» What the task asks
Below is a set of records. Repeat them verbatim without the pictures.

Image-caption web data
◇ ◇ ◇ ◇ ◇ ◇ ◇

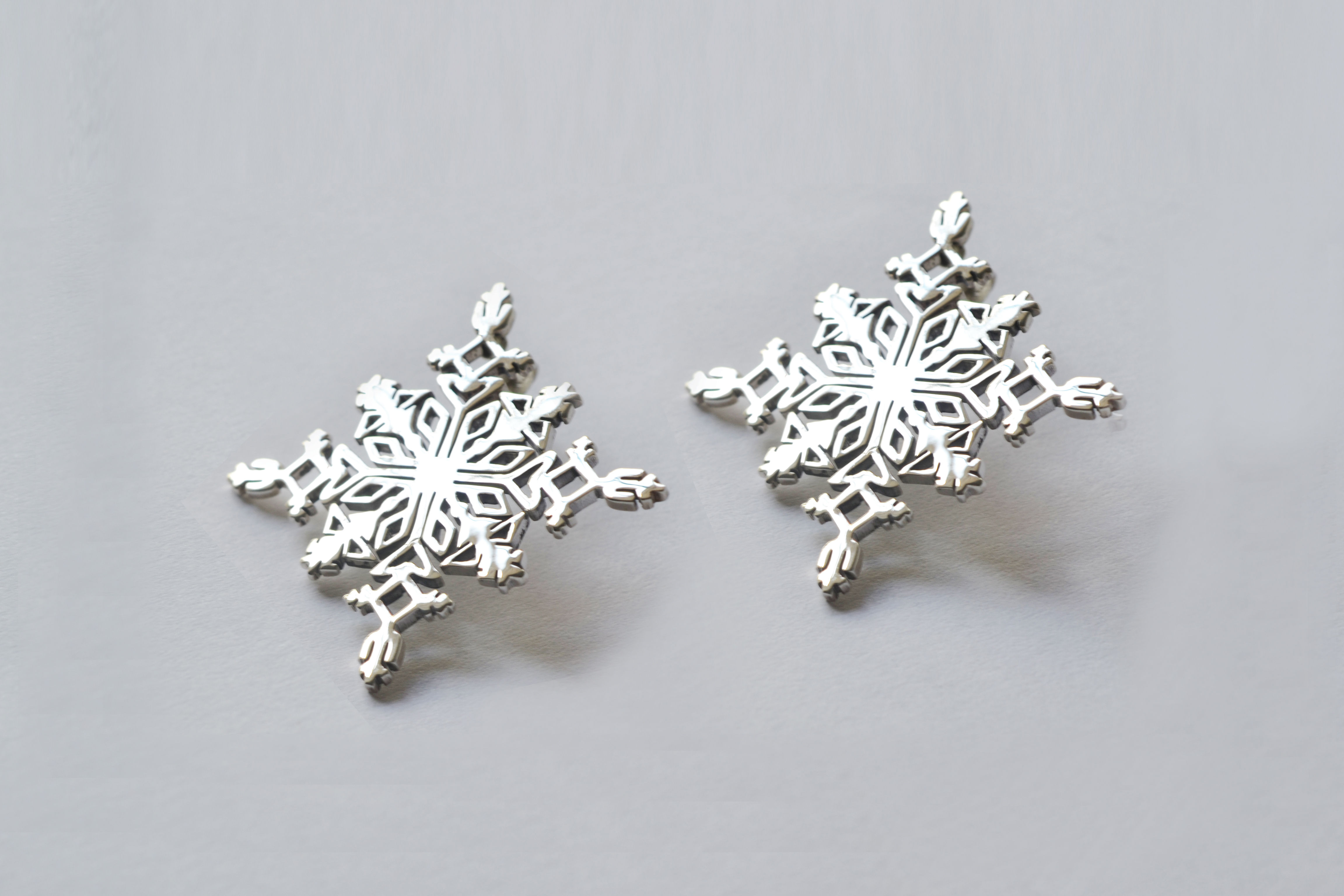 Boucles d'oreilles Touria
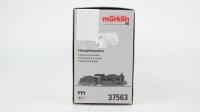Märklin H0 37563 Dampflok BR 56 362 DB Wechselstrom Digital Sound mfx
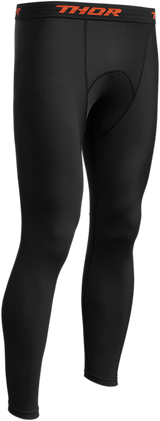 THOR Comp Pant - Black - Medium 2940-0382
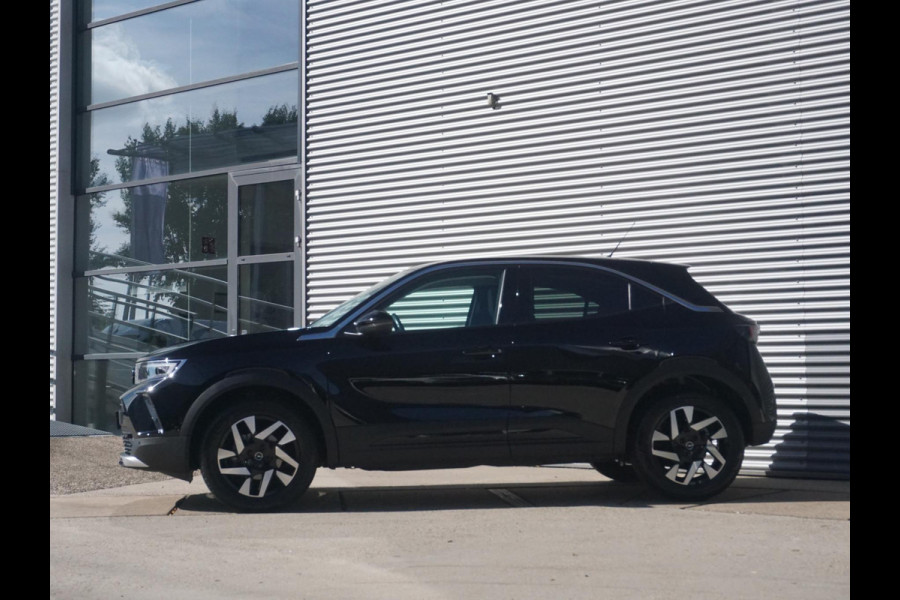 Opel Mokka 1.2 Turbo Business Elegance Afn. Trekhaak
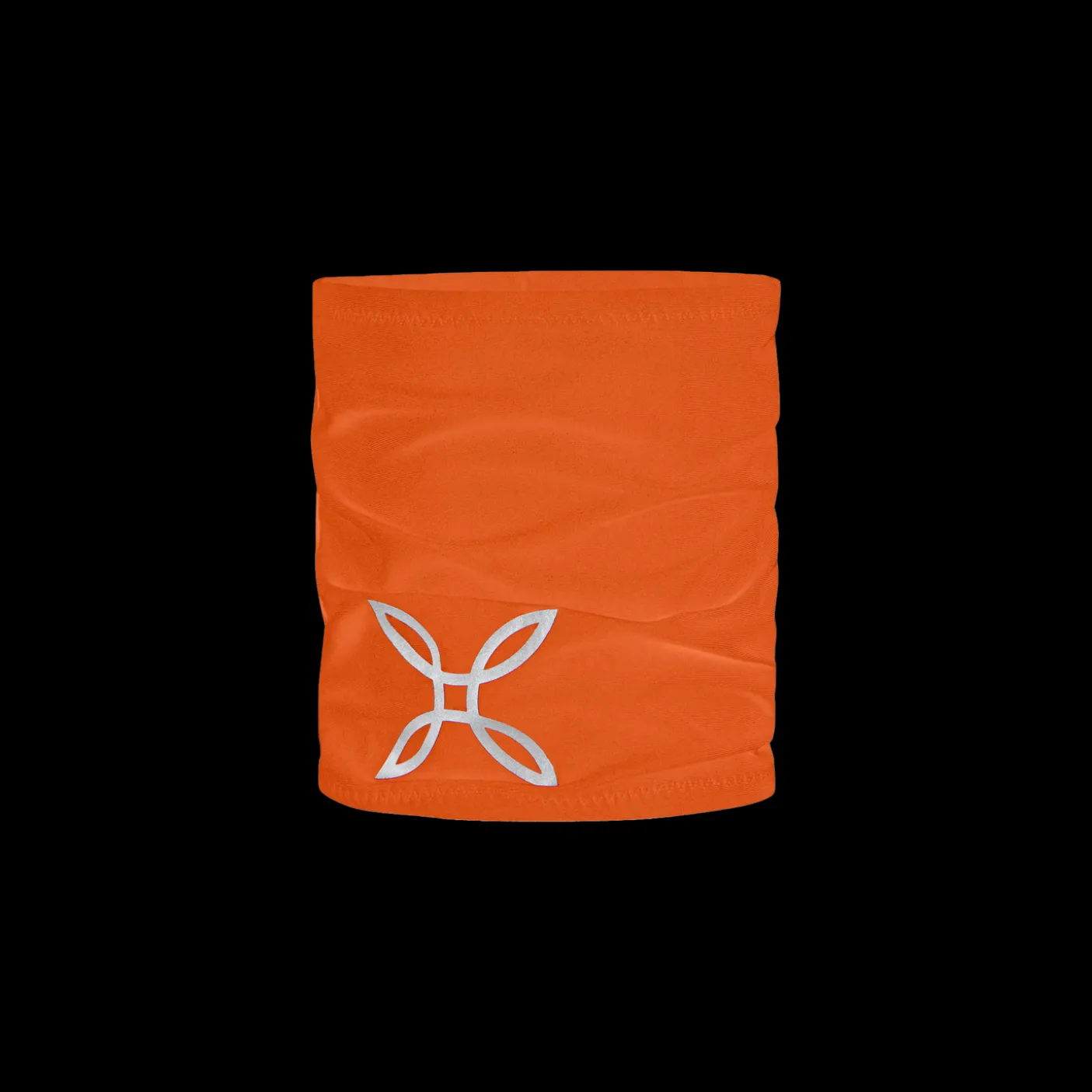BRAND NECK TUBE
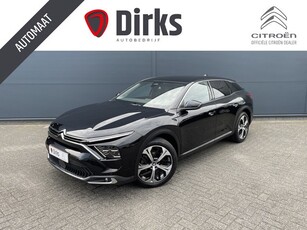 Citroën C5 X 130pk Shine (Camera - Automatische Airco -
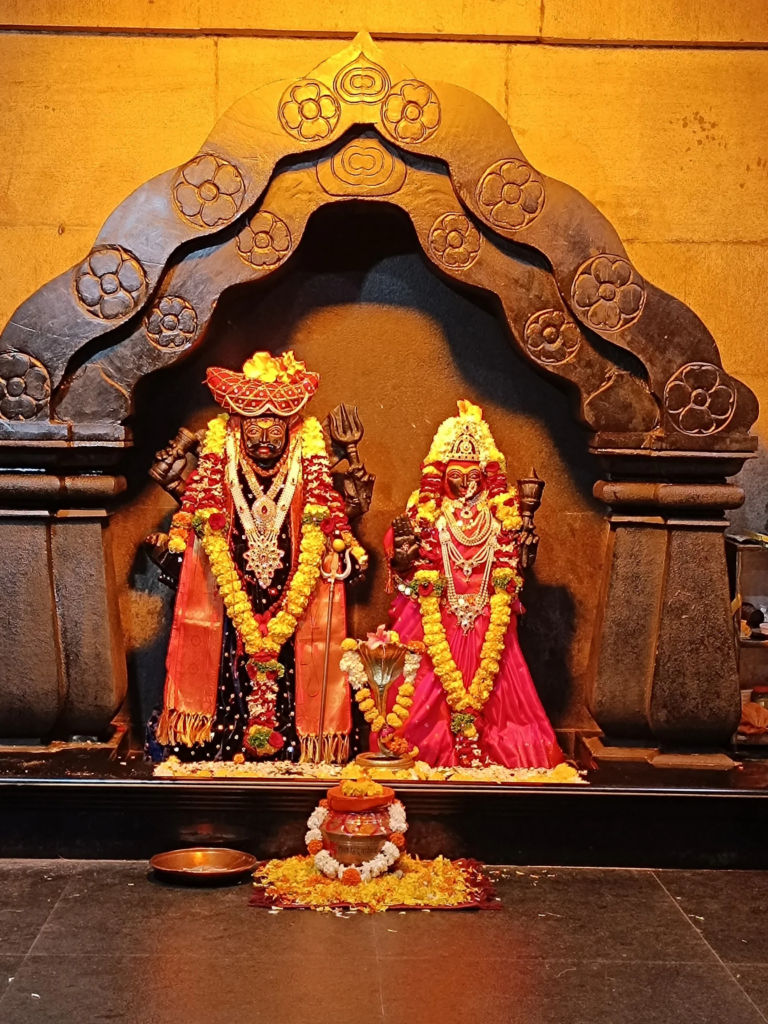 डोळसनाथ महाराज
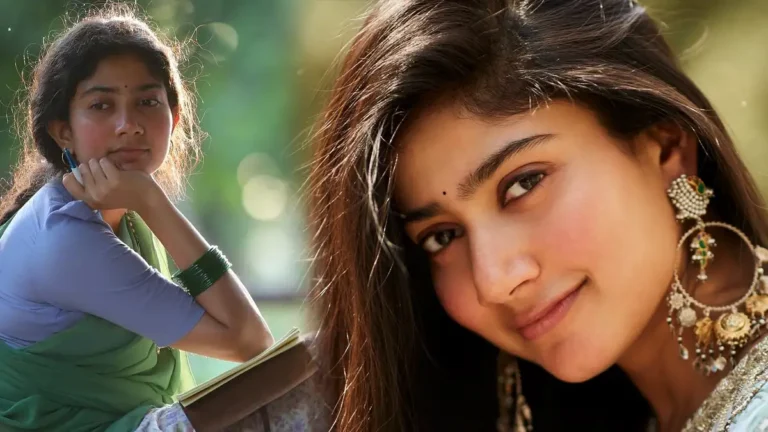 sai pallavi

◇ ◇ ◇ ◇ ◇ ◇ ◇

» Solution to this problem
 Boucles d'oreilles Touria
Märklin H0 37563 Dampflok BR 56 362 DB Wechselstrom Digital Sound mfx
 THOR Comp Pant - Black - Medium 2940-0382
 Opel Mokka 1.2 Turbo Business Elegance Afn. Trekhaak
BRAND NECK TUBE
 Citroën C5 X 130pk Shine (Camera - Automatische Airco -
 डोळसनाथ महाराज
 sai pallavi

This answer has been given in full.